Translation from MATLAB to C/C++ is
still manual, but because these domains are
conceptually very close, the translation is
relatively quick and easy.
The untimed C/C++ adds significant
value by providing much faster simulation
than the MATLAB Simulink environment,
and is thus ideally suited for system-level
validation. Following verification, the C
representation is used to automatically generate
RTL, which in turn is subsequently
used to drive existing RTL synthesis technology
(Figure 2).
With this flow, you can synthesize the
untimed C/C++ directly into a gate-level
netlist. However, generating the intermediate
RTL provides a timed “comfort zone”
for existing flows by allowing you to validate
the implementation decisions made by
the C synthesis tool.
Furthermore, RTL is a useful point to
“stitch” the various functional blocks
together.
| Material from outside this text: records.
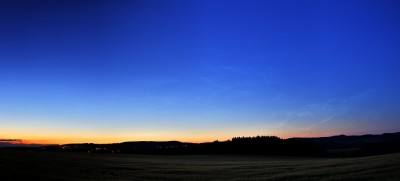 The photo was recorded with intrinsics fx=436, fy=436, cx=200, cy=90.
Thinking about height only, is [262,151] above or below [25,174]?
above

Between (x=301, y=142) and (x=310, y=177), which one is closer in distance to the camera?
(x=310, y=177)

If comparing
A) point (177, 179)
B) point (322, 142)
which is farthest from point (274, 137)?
point (177, 179)

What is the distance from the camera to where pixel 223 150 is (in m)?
95.1

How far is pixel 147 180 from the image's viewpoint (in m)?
22.6

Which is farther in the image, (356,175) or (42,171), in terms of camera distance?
(42,171)

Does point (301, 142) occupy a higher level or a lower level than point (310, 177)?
higher

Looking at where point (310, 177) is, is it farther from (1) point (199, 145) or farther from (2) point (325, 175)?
(1) point (199, 145)

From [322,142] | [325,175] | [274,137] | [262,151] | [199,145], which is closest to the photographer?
[325,175]

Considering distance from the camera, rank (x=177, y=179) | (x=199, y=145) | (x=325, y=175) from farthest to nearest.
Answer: (x=199, y=145) < (x=177, y=179) < (x=325, y=175)

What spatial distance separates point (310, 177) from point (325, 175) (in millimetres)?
963

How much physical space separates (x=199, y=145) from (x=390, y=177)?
9351 cm

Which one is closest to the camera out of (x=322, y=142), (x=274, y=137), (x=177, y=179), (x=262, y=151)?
(x=177, y=179)

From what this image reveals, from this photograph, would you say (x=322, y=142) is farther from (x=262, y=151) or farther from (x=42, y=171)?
(x=42, y=171)

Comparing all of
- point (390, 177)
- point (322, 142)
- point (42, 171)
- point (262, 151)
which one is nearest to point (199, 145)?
point (262, 151) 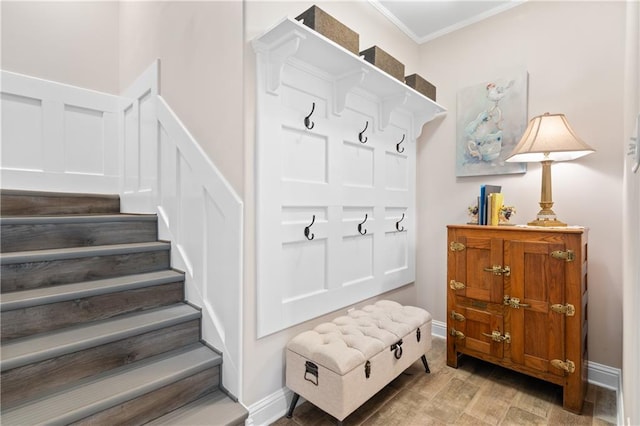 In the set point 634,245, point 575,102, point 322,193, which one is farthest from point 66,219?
point 575,102

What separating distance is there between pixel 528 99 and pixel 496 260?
4.11ft

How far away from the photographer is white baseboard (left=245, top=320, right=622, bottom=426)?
→ 1.59m

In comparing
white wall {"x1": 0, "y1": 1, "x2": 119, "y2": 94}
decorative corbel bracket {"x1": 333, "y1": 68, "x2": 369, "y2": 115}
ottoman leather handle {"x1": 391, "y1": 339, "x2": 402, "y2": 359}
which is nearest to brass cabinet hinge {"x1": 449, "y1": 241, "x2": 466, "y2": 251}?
ottoman leather handle {"x1": 391, "y1": 339, "x2": 402, "y2": 359}

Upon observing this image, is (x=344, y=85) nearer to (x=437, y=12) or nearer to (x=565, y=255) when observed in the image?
(x=437, y=12)

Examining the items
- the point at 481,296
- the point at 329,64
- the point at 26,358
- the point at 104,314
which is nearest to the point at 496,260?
the point at 481,296

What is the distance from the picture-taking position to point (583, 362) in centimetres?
180

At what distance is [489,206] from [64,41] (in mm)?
3682

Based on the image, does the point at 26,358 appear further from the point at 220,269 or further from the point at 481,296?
the point at 481,296

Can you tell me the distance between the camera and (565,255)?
175 centimetres

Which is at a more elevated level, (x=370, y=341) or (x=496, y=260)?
(x=496, y=260)

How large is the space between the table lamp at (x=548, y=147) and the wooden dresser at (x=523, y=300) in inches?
8.9

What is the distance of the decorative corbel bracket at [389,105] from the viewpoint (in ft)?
7.55

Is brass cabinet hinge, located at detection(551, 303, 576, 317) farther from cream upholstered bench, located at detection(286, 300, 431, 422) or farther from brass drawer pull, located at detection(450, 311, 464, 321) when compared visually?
cream upholstered bench, located at detection(286, 300, 431, 422)

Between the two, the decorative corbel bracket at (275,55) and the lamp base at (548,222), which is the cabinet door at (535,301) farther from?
the decorative corbel bracket at (275,55) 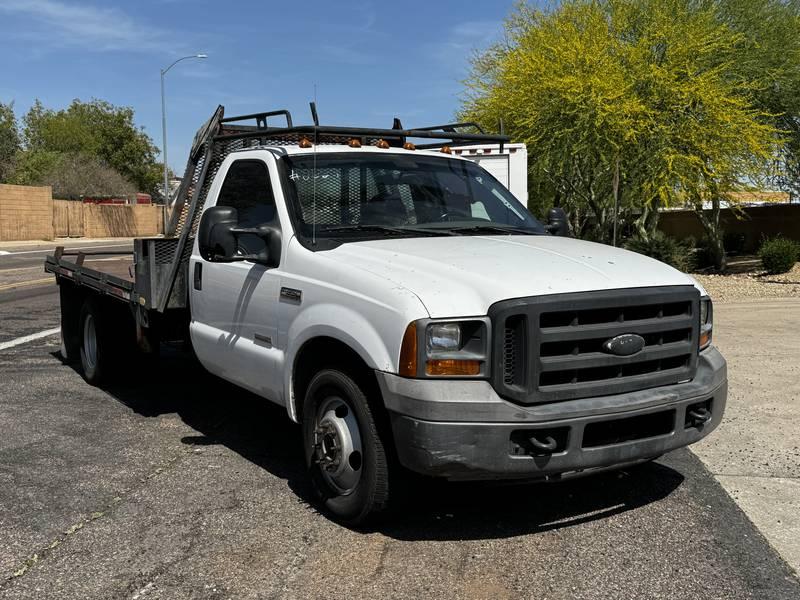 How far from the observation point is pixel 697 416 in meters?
4.45

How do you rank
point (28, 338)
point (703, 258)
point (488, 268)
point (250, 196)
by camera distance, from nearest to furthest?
point (488, 268)
point (250, 196)
point (28, 338)
point (703, 258)

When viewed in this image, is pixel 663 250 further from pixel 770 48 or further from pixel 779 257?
pixel 770 48

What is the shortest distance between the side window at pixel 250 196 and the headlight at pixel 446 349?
5.43 ft

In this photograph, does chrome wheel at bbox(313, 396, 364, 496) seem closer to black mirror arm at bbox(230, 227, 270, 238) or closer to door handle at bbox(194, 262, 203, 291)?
black mirror arm at bbox(230, 227, 270, 238)

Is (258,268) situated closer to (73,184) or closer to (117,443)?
(117,443)

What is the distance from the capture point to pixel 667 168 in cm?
2034

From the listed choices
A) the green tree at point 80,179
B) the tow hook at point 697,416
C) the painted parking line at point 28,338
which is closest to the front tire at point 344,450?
the tow hook at point 697,416

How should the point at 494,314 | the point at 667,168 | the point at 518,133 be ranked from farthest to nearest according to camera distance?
the point at 518,133
the point at 667,168
the point at 494,314

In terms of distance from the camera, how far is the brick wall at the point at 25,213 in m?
43.0

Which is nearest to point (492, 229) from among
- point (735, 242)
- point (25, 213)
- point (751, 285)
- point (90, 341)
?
point (90, 341)

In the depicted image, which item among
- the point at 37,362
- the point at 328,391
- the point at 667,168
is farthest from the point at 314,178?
the point at 667,168

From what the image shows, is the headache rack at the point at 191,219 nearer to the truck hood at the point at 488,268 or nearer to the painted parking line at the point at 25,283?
the truck hood at the point at 488,268

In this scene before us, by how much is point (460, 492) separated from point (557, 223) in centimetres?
206

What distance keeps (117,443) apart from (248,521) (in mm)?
1958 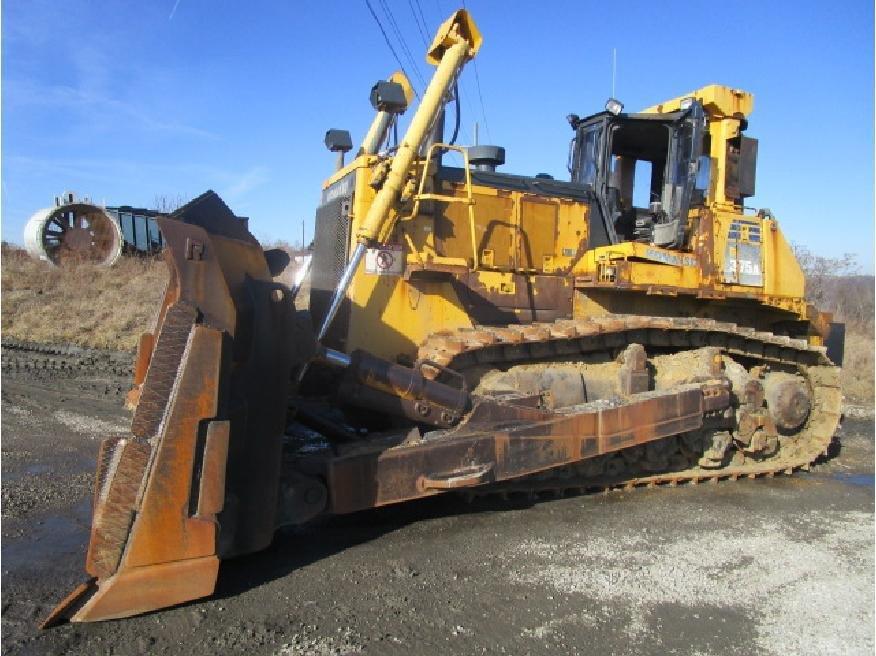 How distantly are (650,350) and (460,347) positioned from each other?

Large portions of today’s designs
exist as IP blocks represented at the RTL
level of abstraction. This means that RTL is
a useful point in the design flow for integrating
and verifying the entire hardware
system. Your design teams can thus take
full advantage of existing, mature, and
robust RTL design tools such as test insertion
or power analysis.
The ideal flow based on algorithmic
synthesis of pure, untimed C/C++ addresses
all of the traditional bottlenecks:
- Functional Intent. Almost no conceptual
gap exists because system architects
and hardware designers use the
same untimed C/C++ source. Their
worlds are connected for the first time.
Moreover, it eliminates any chance of
misinterpretation by the hardware
designer, thereby reducing errors and
improving overall reliability. The new
flow also easily accommodates design
specification changes.
- Meeting Requirements. Algorithmic C
synthesis provides accurate metrics up
front, shortening lengthy RTL synthesis
runtimes and manual RTL optimization.
You can leverage these metrics to
make system-level macro-architecture
partitioning decisions, thus creating a
design that is better architected to meet
system performance.
- Design Complexity. You can address
the design complexity issue by using
algorithmic C synthesis to thoroughly
explore any highly complex design
space. C is fast and efficient to create
and verify, providing additional benefits
around system-level validation and
integration. RTL uses technology-dependent
coding styles and hardcodes
the micro-architecture. Using the
ideal flow, evaluating alternative implementations
is fast and efficient. You
can modify and re-verify C to effectively
perform a series of “what-if ”
evaluations of alternative algorithms.
Thus, your design teams are not limited
by the number of evaluations they
can perform, which results in an optimal
implementation.
- RTL Reuse. A key feature of this ideal
flow is that the C representation is completely
abstracted from the final implementation.
Therefore, as opposed to
embedding implementation “intelligence”
into the C representation, designers
can instead use such intelligence to
drive the C to the RTL implementation
through a series of “soft” constraints. In
turn, this means that they can easily retarget
the same C representation for different
micro-architectures and
ASIC/FPGA implementations.
- Functional Verification. Verifying C is
fast and efficient. A pure untimed C
representation will simulate as much as
10,000 times faster than an equivalent
RTL representation (the larger the
design, the faster C is compared to its
RTL counterpart).
Let’s examine alternatives to hardware
design based on the use of C/C++. These
include SystemC and the synthesizable subset
of pure untimed C++ used by the
Mentor Graphics Catapult C Synthesis tool.
SystemC-Based Flow
Two main SystemC-based design flows
exist: both require the untimed algorithm
representation to be manually translated
into its SystemC counterpart. Following
verification via simulation, you can automatically
translate the SystemC representation
into an RTL equivalent for use with
existing synthesis technology. Alternatively,
you can directly synthesize the SystemC
representation into a gate-level netlist
(Figure 3).
Because it was specifically created to
represent hardware, SystemC is equipped
with hardware-centric data types, including
integral and fixed-point entities with
rounding and overflow modes. SystemC
also includes system-level simulation
capabilities, including support for
abstract data transactions. Although powerful,
SystemC is an extremely complex
language. Moreover, the pseudo-timed
constructs required for SystemC synthesis
and simulation are foreign to both system-level and hardware designers.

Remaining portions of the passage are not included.